Monday, June 17, 2013

Damn Jam

...



Everyone around here has been remarking on how the plums are ripening so much earlier than usual.  Not being a native Californian, I can't generally comment on what's "normal" in the garden.  When my lilacs bloom at Christmastime,as they did this past winter, I know that's wrong, but I'm inexpert on the subject of plums.

I spent a great deal of time this weekend making plum jam.  Our tree was ripening, and the windfall fruit from the other week needed to be dealt with.

I pulled out my various recipe books, and was baffled -- as usual -- by the vagueness of the advice offered.

Tilt the container, if you can see the contents shift, the jelly is too soft.  This condition can be caused by cooking too long (as when the batch was too big and so boiled beyond the ideal time limit); or by cooking too slowly; or by too much sugar; or by too little sugar or pectin or acid; or by not cooking long enough.  Sometime you can try to salvage such jelly by cooking it over; bit not always -- but it's worth a try.

Well, that's not particularly helpful.

I made two batches of jam this weekend, one from our backyard fruit, and another batch from the tiny plums off of my friend DJ's tree.*  My first batch was perfect.  And the second batch was a sloppy gelling failure.  I followed the exact same procedure, on both batches.  One worked and one failed.  As our 1940s kitchen lacks a dishwasher, the thought of dumping out all those jars, washing and re-sterilizing them fills my heart with gloom.  I'm going to be very busy over the next two months -- hence the big rush to make jam -- and I'm not sure I'll be able to motivate myself to re-cook the runny batch of jam.

At the very least, I know I need to buy a candy thermometer. 

Want to read what other folks are doing with their garden bounty?  Mosey on over to Daphne's blog, for the weekly harvest round-up.






* If anyone can tell me the name of these tiny plums, I'd be very appreciative.  They grow all over the East Bay, on trees with green leaves.  DJ calls them Berkeley Plums, while Yolanda is less generous, referring to them as Trash Plums.  They're very juicy, and make quite a mess in the garden.

7 comments:

David Velten said...

Never fear, what you actually made but didn't know is Plum Topping, perfect for pouring over ice cream or pancakes or waffles!
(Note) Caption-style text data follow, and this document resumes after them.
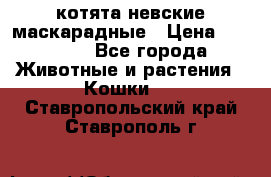 котята невские маскарадные › Цена ­ 18 000 - Все города Животные и растения » Кошки   . Ставропольский край,Ставрополь г.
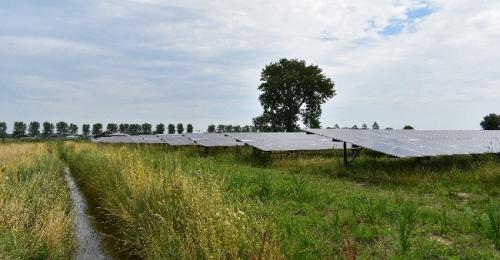 Zonnepark Ficarystraat, Ewijk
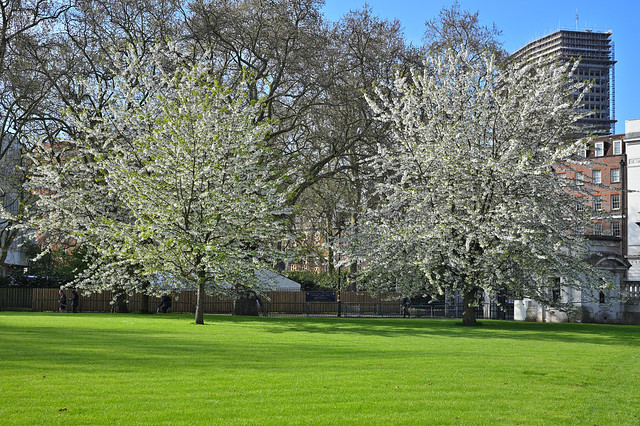 St. James's Park - Blossoms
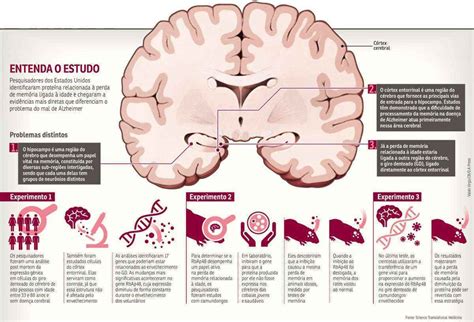 Pesquisadores Conseguem Decifrar Os Caminhos Da Perda De Memória Uai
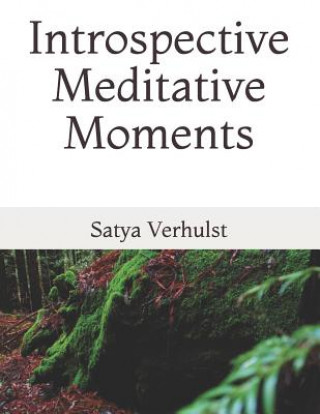 Книга Introspective Meditative Moments. Satya Terri Verhulst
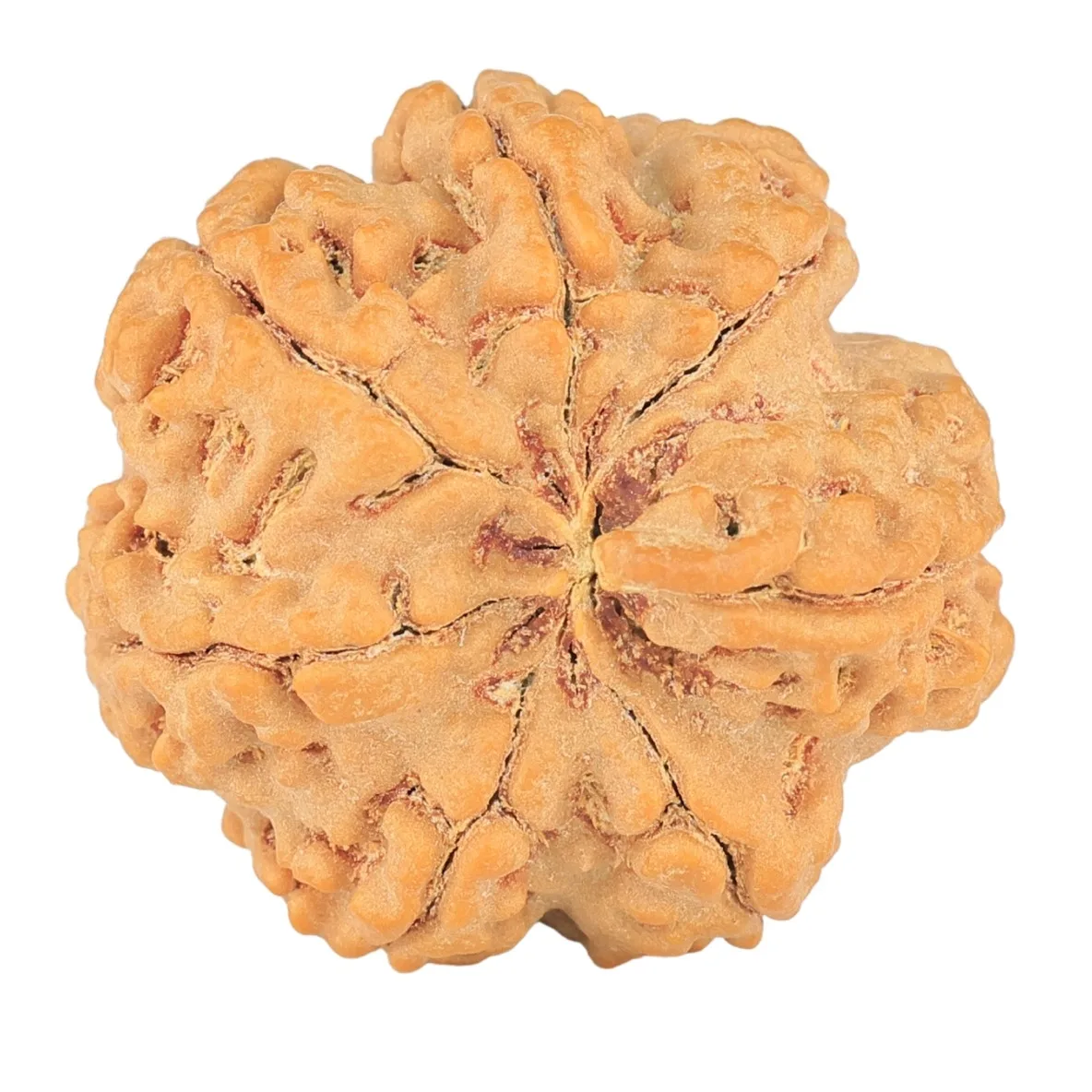 7 Mukhi Rudraksha 28mm 7.77gm - Rudraksha back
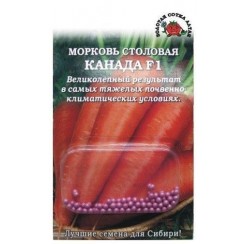 Морковь Канада гранул 100шт (ЗС)
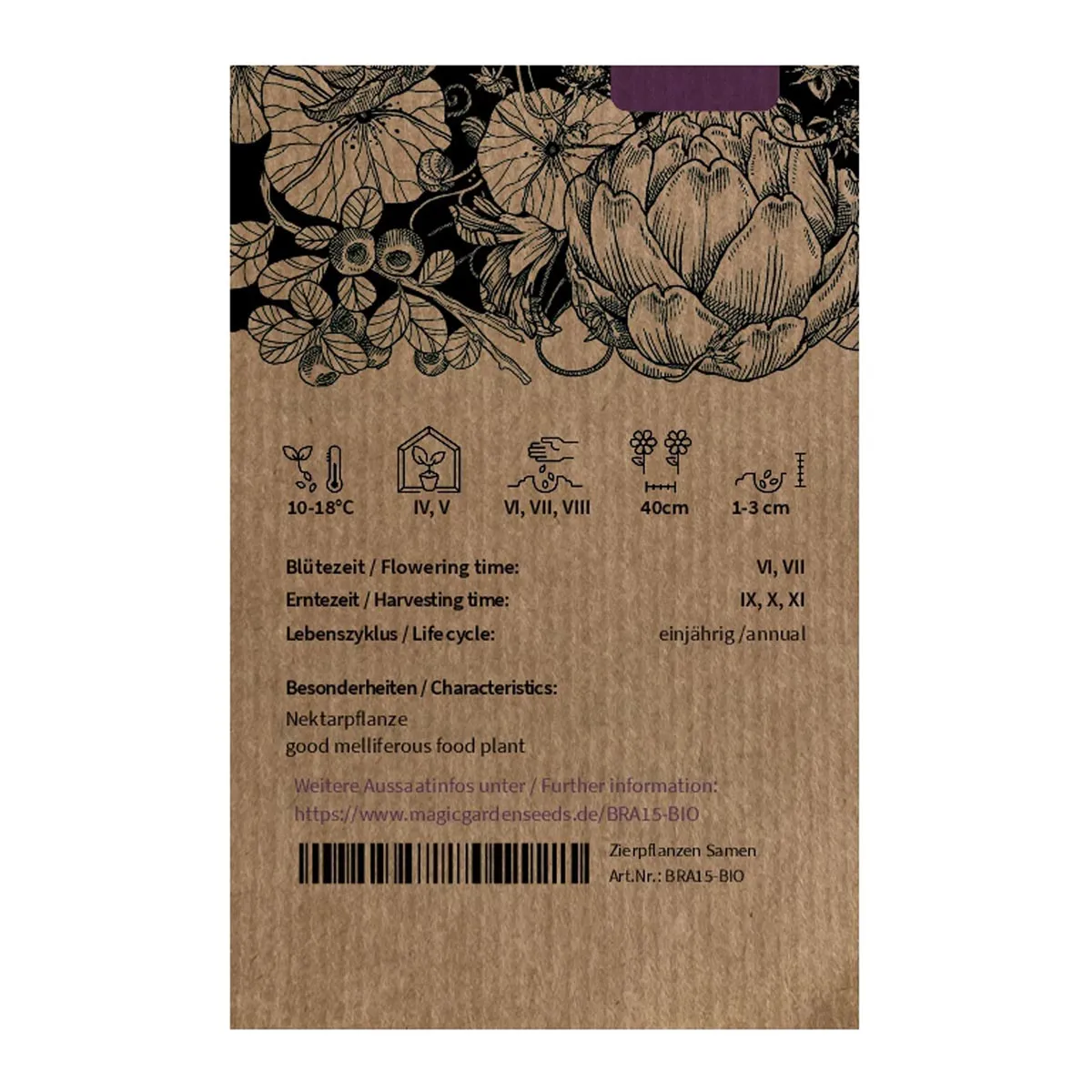 Kohlrübe 'Gelbe aus Friesland' (Brassica napus subsp. rapifera) Bio Saatgut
But I do love me some plum preserves. When I was a kid we tunneled under a chain link fence into a woods that contained an abandoned orchard with plum trees. I brought home a pile of Damson plums my mother made into jam. Best I ever had.

Unknown said...

I had a friend who would take all my runny jam/jelly and use it as an ice cream topping.

Michelle said...

I do believe you made a batch of plum sauce! Add some ginger and garlic and chile pepper and use it with a stir fry or something like that.
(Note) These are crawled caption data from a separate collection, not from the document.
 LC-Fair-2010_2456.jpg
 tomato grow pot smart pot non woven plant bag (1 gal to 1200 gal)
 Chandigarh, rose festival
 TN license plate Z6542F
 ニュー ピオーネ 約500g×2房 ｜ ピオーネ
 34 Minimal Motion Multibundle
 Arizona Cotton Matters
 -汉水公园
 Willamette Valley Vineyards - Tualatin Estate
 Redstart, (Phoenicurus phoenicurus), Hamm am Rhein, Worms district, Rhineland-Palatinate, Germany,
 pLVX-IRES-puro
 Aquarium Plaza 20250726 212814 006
The little plums are probably just your basic wild plum that grows all over northern California. I used to pick them while out hiking in Sonoma. Funny, I've not noticed them growing around here.

tiggermama said...

EXACTLY!! Listen to the wisdom of your friends! that is not failed jelly! that is SAUCE! that is TOPPING! that is PERFECTION IN A JAR when warmed and poured over French Vanilla Ice Cream, oh my yes, especially with the addition of some slices of candied ginger. my my yes. . . when were you inviting inquisitive letterboxers from the South for a bite??

Yolanda said...

Never fear! It makes a fabulous BBQ sauce base, too! We call it "Omni Sauce". Embrace the diversity!

A M Jenner said...

In addition to being good for ice cream topping, jam that comes out slightly less than the ideal thickness for jam, is still ideal as a fruit "syrup" for pancakes and waffles.

Anonymous said...

There are wild plums here that came from root stock Morabalin plum trees (sp?) that the 'good' plums were grafted on to. They bloom white clouds of flowers in the spring.